Cruising on Last Dance

This blog archives the adventures of Glen and Jill Moore and provides a means of communication for friends and family. Exploration and adventure have been synonymous with boats and water for centuries. The joy of adventures shared while exploring new places and meeting new people has built a strong bond for Glen and Jill. Last Dance is the platform for the exploration.

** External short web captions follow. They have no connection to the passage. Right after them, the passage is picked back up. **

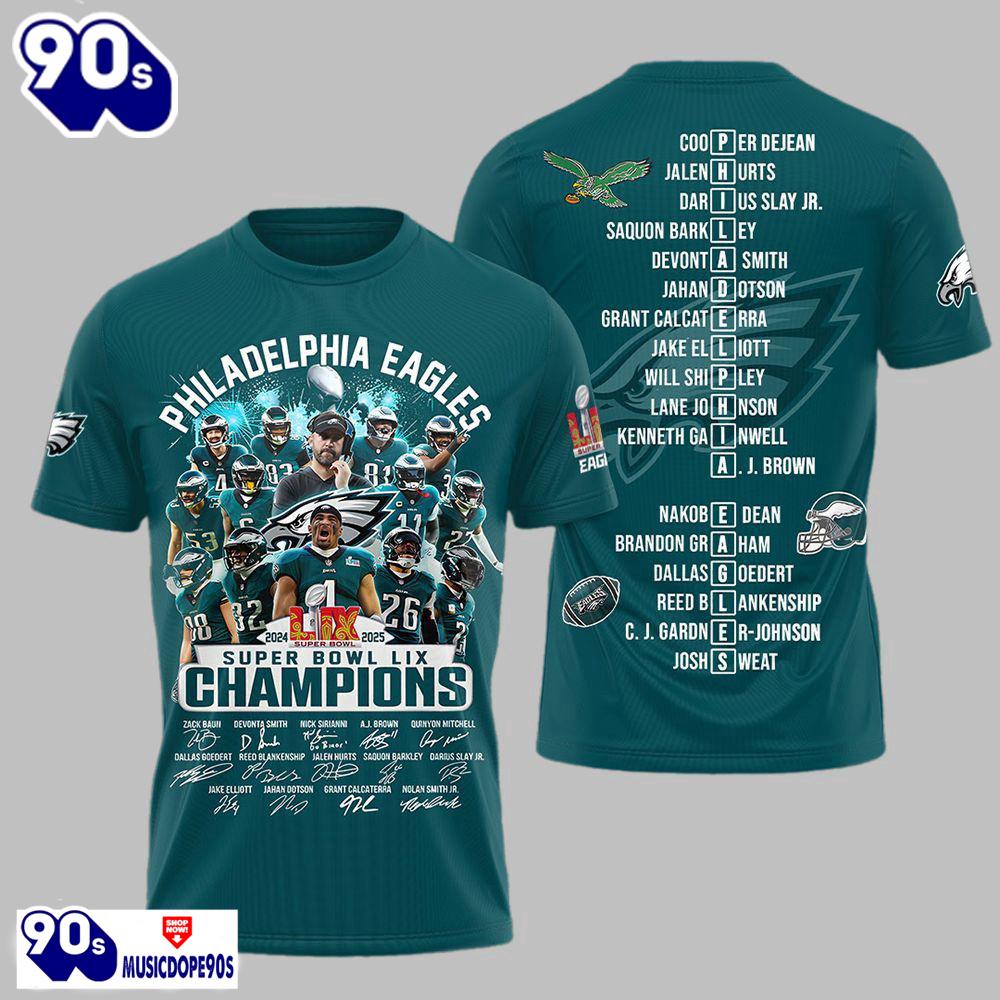 Eagles 2024 2025 Super Bowl LIX Champions Shirt Eagles 2024 2025 Super Bowl LIX Champions Shirt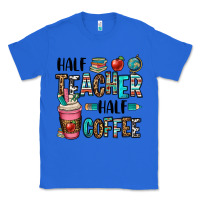 True Royal half teacher half coffee Classic Tee - OliviaCreatesArt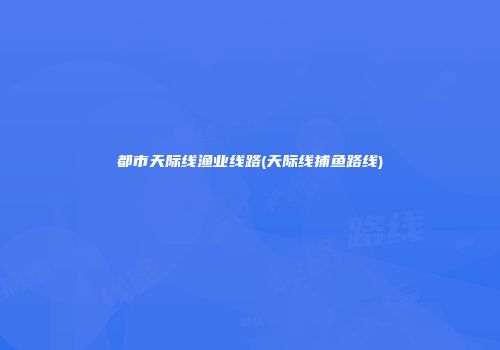 都市天际线渔业线路(天际线捕鱼路线)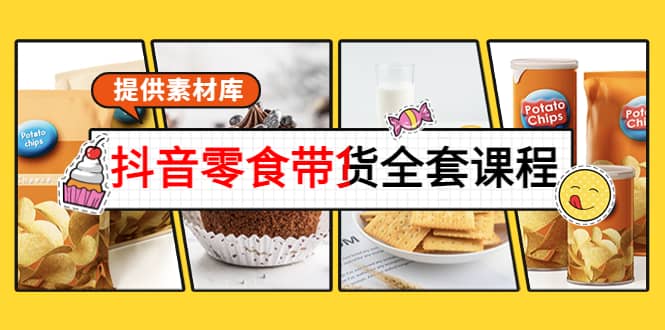 抖音零食带货全套课程：从0到1搭建账号，涨粉卖货（提供素材库）-三玖社区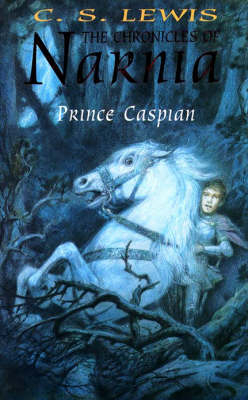 Prince Caspian - C. S. Lewis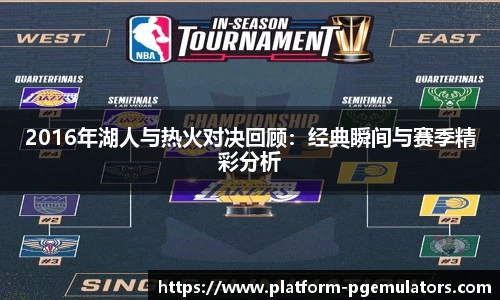 2016年湖人与热火对决回顾:经典瞬间与赛季精彩分析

"The world is a book, and those who do not travel read only a page." St. Augustine, 354 - 430

“Twenty years from now you will be more disappointed by the things that you didn't do than by the ones you did do. So throw off the bowlines. Sail away from the safe harbor. Catch the trade winds in your sails. Explore. Dream. Discover.” Mark Twain, 1835 - 1910

"There is nothing -- absolutely nothing -- half so much worth doing as simply messing around in boats." The Wind in the Willows, 1908, Kenneth Grahame, 1859 - 1932

"I've never believed speed and ease are conductive to living fully, becoming aware, or deepening memory, a tripod of urges to stabilize and lend meaning to life." River Horse: a log book of a boat across America, 1999, William Least Heat-Moon,1939 -

The Great Loop -- The current adventure is a circumnavigation of the Eastern United States, cruising north up the east coast through New York into Canada, across the Great Lakes to Chicago, navigating multiple river systems south to Mobile, along the Gulf coast to the Florida Keys and back to St. Augustine. This trip by boat is commonly referred to as the Great Loop. Progress and current location are indicated by the red line on the map to the right. It was titled the Traceless Path in recognition of a German sailor we met in St. Augustine who published booklets of his travels with hand-drawn, detailed maps describing his travels across the water as the Traceless Path.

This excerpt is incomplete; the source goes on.